Thursday, January 13, 2011

Nothing a Hot Bath @ Caracalla Can't Cure

Le Terme di Caracalla were my first sight of Rome's Centro Storico. Driving into the city after 30 hours of travel and then BOOM, enormous terracotta structures that set my heart a-flutter. We made it to the largest bath structure in Rome last week.

As you can tell, we felt quite comfortable at Caracalla. I include this picture also to show some sense of scale -- I hover between 5'4 and 5'8, depending on my mood. These baths could blow bubbles to the sun.

One thing I am learning on this trip is the failure of cameras. A camera is a desperate attempt to catch a whiff of an image, that only the human eye can appreciate. Walking through the baths quiets the soul. Texting shouldn't work here. Laptops must be banned. No connectivity is allowed except for one's connection to the 6000 Romans who would bathe here at a time.

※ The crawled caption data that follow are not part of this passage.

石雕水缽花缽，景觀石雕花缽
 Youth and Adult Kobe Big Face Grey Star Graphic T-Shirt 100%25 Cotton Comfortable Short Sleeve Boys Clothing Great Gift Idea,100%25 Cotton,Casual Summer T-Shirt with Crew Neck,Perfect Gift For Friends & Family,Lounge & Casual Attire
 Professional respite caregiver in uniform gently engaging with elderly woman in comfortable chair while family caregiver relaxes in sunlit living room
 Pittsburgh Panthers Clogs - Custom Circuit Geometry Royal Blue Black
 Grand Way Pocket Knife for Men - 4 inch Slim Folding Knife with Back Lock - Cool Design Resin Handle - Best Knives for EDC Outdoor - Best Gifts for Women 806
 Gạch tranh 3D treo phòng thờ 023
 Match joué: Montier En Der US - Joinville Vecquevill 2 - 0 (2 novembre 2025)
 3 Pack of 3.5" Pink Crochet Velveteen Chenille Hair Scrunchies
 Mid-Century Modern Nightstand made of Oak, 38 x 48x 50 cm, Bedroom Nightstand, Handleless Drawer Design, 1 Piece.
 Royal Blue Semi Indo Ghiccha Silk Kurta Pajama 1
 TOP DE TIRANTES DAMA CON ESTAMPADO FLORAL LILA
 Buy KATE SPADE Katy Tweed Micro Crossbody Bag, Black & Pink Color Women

While most decorations have been removed to museums, about two dozen remnants of mosaics remain. The mosaics depicts mermen, tridents, Cupid shooting arrows, animals, snakes, fish. The level of detail created with white and black pebbles startled me - the intricate movement of the fishtails alone move one to wonder.

Seeing the Roman ruins has made me think about materialism. We often say, in a general manner, that modern Western civilization is too materialistic. We like things too much. Rome is changing my mind. We are not too materialistic, we simply don't respect things enough. We have so much stuff that we pay little effort into artistry. Stain your favorite shirt? Buy another one. Apartment looking stuffy? Build a new complex.

We love things too much because we want too much. I can't defend Roman philosophy as a complete intellectual system. But it seems that because they had fewer materials than we did, they put so much effort into creating their art and architecture. I cannot think of a single modern structure that can compare to the Colosseum. The Baths at Caracalla are produced from more thought and beauty than even the best malls.


In one section of the Baths, the floor mosaic was intact. We - afraid to sit on two thousand years of history - stepped on it instead. It was a glorious ancient manhole, covered with Clark's and Converse, fur boot and black flat.

Reluctant to leave Caracalla, we meandered around the gardens and made a new friend. Diocletian danced through Elena's legs and made his courtesy to each of us in turn, prompting a series of Ooohs! and hand sanitizer.

I wonder what Diocletian thinks about his home. I thought it was spell-binding.